Like I said, though: in order to test our systems, we need data. Enter a number of the big players in computational linguistics, who have created, and made freely available to the public, a large dataset of relevant papers. Their hope? That computational linguists around the world will dive into them, using them to develop and test tools for dealing with all of those papers. Here’s an excerpt from the White House’s web site describing the effort to create and release the data, followed by a French-language appeal to the francophone computational linguistics community to work on it sent out by my colleague Pierre Zweigenbaum. C’est parti…
“One of the most immediate and impactful applications of AI is in the ability to help scientists, academics, and technologists find the right information in a sea of scientific papers to move research faster. We applaud the OSTP, WHO, NIH and all organizations that are taking a proactive approach to use the most advanced technology in the fight against COVID-19,” said Dr. Oren Etzioni, Chief Executive Officer of the Allen Institute for AI. “The Allen Institute for AI, and particularly the Semantic Scholar team, is committed to updating and improving this important resource and the associated AI methods the community will be using to tackle this crucial problem.”
“It’s difficult for people to manually go through more than 20,000 articles and synthesize their findings. Recent advances in technology can be helpful here. We’re putting machine readable versions of these articles in front of our community of more than 4 million data scientists. Our hope is that AI can be used to help find answers to a key set of questions about COVID-19,” said Anthony Goldbloom, Co-Founder and Chief Executive Officer at Kaggle.
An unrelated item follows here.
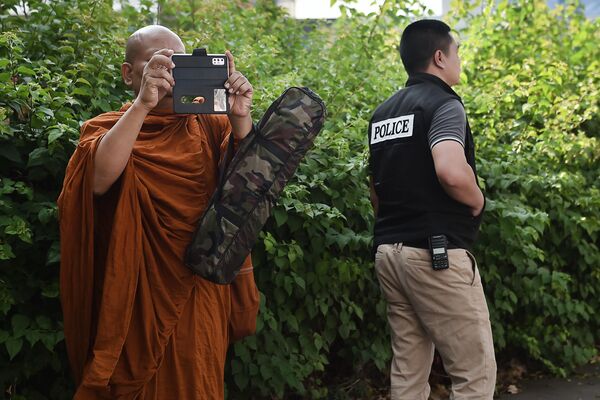 Монах снимает на телефон ситуацию у торгового центра Terminal 21, где произошла стрельба в Таиланде  - Sputnik Молдова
Call to Action to the Tech Community on New Machine Readable COVID-19 Dataset
Voici une série de tâches de recherche d’information / extraction d’information / fouille de textes / recherche de réponses à des questions lancées le 16 mars  sur un sujet d’actualité :
dans une base de 29000 articles (dont 13000 en texte intégral) concernant le coronavirus (bien sûr pas seulement le « nouveau ». Les questions sont listées sous la rubrique “Tasks”, et chaque question générique est déclinée en questions spécifiques. Voir par exemple “What is known about transmission, incubation, and environmental stability?”
Par ailleurs, un corpus (LitCovid) sur le Covid-19 est mis à jour en continu à la National Library of Medicine :
https://www.ncbi.nlm.nih.gov/research/coronavirus/ (1263 articles à
l’heure où j’écris ce message contre 1120 deux jours avant).
Le DBCLS à Tokyo a mis en place dans sa plateforme de gestion d’annotations un espace pour centraliser les informations extraites sur le corpus LitCovid sous forme d’annotations :
Tous les spécialistes de TAL sont donc encouragés à appliquer leurs méthodes sur ces données et à les faire tourner sur Kaggle (CORD-19), à les appliquer au corpus LitCovid et à déposer les annotations sur PubAnnotation.
 “Today, researchers and leaders from the Allen Institute for AI,
Chan Zuckerberg Initiative (CZI), Georgetown University’s Center for
Security and Emerging Technology (CSET), Microsoft, and the National
Library of Medicine (NLM) at the National Institutes of Health released
the COVID-19 Open Research Dataset (CORD-19) of scholarly literature
about COVID-19, SARS-CoV-2, and the Coronavirus group.”